Anybody know why this doesn’t pass the test? It returns the wanted output every time.

var storearr = [];

function largestOfFour(arr) {
  for (var i = 0; i < arr.length; i++) {
    var digitarr = arr[i].sort(function(a,b) {
      return b-a;
    });
    storearr.push(digitarr[0]);
  }
  return storearr;
}

largestOfFour([[4, 9, 1, 3], [13, 35, 18, 26], [32, 35, 97, 39], [1000000, 1001, 857, 1]]);

The global storearr is being reused for all test cases without being reinitialized - best to avoid global variables - turn it into a local variable of the function - you can see what’s going wrong with console.log

Thank you! Solved! :slight_smile:

I made this really simple in JavaScript.

function max(arr){
  var max = arr[0];
  for(var i = 1; i < arr.length; i++){
    if(arr[i] > max){
      max = arr[i];
    }
  }
  return max;
}

It’s all about efficiency and minimal code.

1 Like

By the way, a little trick:

See how there’s Math.max() ? Well, it takes a variadic number of arguments, so for example

Math.max(1, 2) // 2
Math.max(3, -5, 1) // 3

Are totally valid but you can’t pass an array to it. What you could do is:

// a) Use apply syntax, compatible with all browsers
Math.max.apply(null, [1, 2, 3]) // 3

// b) Use the ES6 spread operator
Math.max(...[1, 2, 3]) // 3

So my solution is

const largestNums = xss => xss.map(xs => Math.max(...xs))
2 Likes

function largestOfFour(arr) {
// You can do this!
var a = 0, max = 0, b = [];
while( a < arr.length){
for(var i = 0; i < arr[a].length; i++){
if(arr[a][i] > max){
max = arr[a][i];
}
}
b[a] = max;
max = 0;
a++;
}
return b;
}
Hope this code does find max in each sub-array and put each maximum number in a new array which is returned at last.

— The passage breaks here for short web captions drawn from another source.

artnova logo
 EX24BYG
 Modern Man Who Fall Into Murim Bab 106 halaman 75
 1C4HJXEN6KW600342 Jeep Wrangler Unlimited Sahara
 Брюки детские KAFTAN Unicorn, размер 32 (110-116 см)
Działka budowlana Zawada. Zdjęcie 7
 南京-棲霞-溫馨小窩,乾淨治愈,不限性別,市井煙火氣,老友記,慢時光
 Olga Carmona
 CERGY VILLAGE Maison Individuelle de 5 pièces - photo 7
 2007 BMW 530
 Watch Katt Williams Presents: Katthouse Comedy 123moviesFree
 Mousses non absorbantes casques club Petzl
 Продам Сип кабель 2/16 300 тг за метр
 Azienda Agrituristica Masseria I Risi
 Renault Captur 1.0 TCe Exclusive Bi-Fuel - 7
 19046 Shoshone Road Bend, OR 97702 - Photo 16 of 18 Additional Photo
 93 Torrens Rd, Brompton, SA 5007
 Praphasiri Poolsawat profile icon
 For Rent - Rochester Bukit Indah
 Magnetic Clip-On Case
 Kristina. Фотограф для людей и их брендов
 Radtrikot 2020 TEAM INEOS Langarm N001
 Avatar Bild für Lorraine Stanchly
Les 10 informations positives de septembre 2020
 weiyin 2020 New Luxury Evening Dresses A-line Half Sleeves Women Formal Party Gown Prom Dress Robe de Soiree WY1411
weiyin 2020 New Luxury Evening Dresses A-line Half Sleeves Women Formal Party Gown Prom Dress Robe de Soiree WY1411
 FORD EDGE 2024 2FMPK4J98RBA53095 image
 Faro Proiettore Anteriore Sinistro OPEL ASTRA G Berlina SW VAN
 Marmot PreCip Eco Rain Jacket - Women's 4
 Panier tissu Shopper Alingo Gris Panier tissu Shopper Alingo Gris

Wow! That’s one tidy solution! :slight_smile:

This is indeed a very neat solution, but sadly ES6 is not available in the FCC interpreter (afaict) so you’d need to use a regular function and ‘apply’ to pass the tests.

function largestOfFour(arr) {
    return arr.map(function(xs){
        return Math.max.apply(Math, xs);
  });
}